Wow, that's a new one -- Mom needs to move in with the kid. It's usually the other way around, but these are the economic times in which we live. Things are tough all over.

You're right: if she moves in, it will likely affect your relationship with your boyfriend in a negative way. It won't help your relationship with your mom, either. Three's a crowd, and when the third one is your mom, it's not just a crowd, it's a Who concert. You might enjoy having her there at first, but things could go wrong quickly and in so many ways.

What happens when she starts telling you how to live your life? How to cook, clean, arrange the furniture, grocery shop? How you work too much? Why you should get rid of your cats? That's what moms do, you know. They can't help it. You'll always be her child and she wants to take care of you, even when you are grown and don't need it.
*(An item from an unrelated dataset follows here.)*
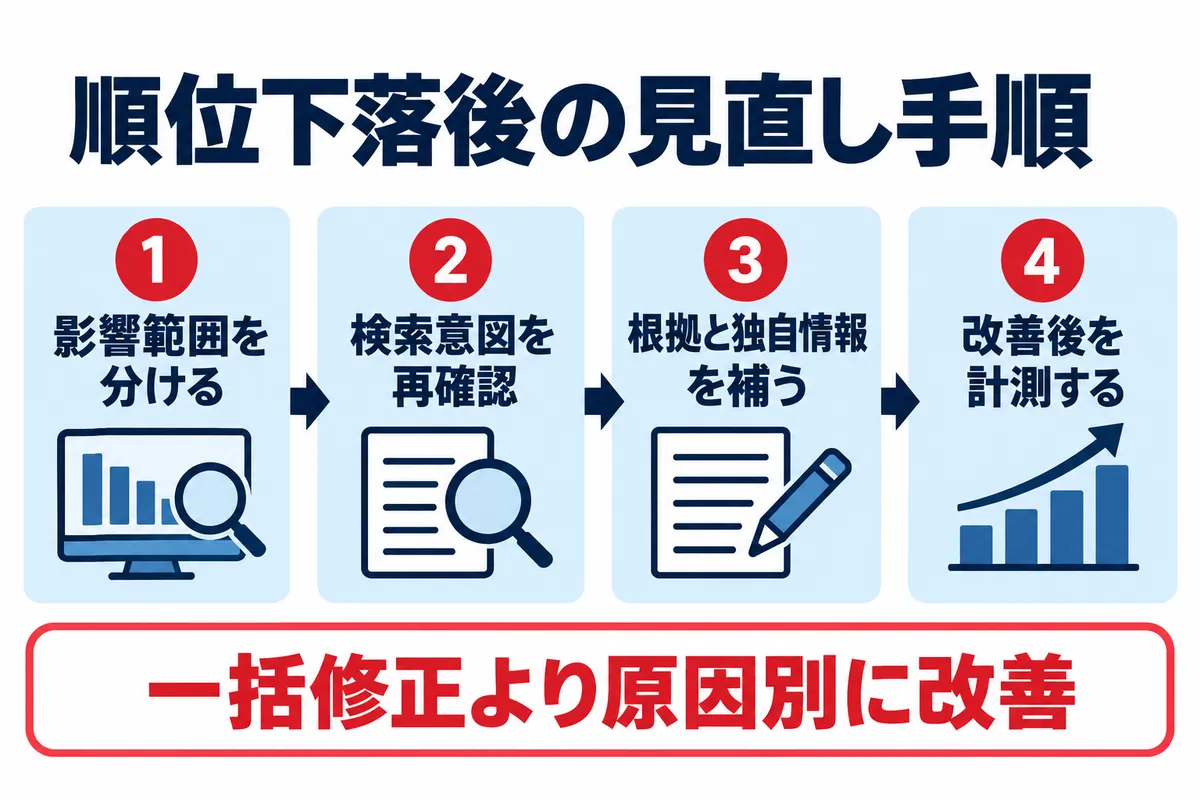 コアアップデート後に順位を戻すための改善手順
Or, what if she feels like an intruder and tiptoes around you, and stays in her room all the time because she feels like an imposition on you two? Then you'll feel guilty.

What if she's always there and never goes anywhere, like that cock-blocking loser roommate you had in college? You'll feel smothered.

What if your boyfriend resents suddenly having to share you with your mom? What happens when you two fight? Will her presence stifle your sex life because you worry about her hearing you? The list could go on and on...

On the other hand, she's your mother. She carried you for 40 weeks, brought you into the world, fed you, clothed you, raised you. If the tables were turned, she would take you into her home without hesitation. She's your mom. You can't leave her on the street.

If she can afford her own place, that's the best solution for everyone's sake. If not, I don't have an answer for you. I don't know you or your mom or the particular dynamics of your relationship. I do know that moving her in will add stress to your life and could threaten your relationship with your boyfriend. That's a sacrifice you might have to make.

Are you and your mom honest enough with each other than you could discuss your concerns? That might be a good start.

It's a tough decision, but one only you can make. Good luck with it.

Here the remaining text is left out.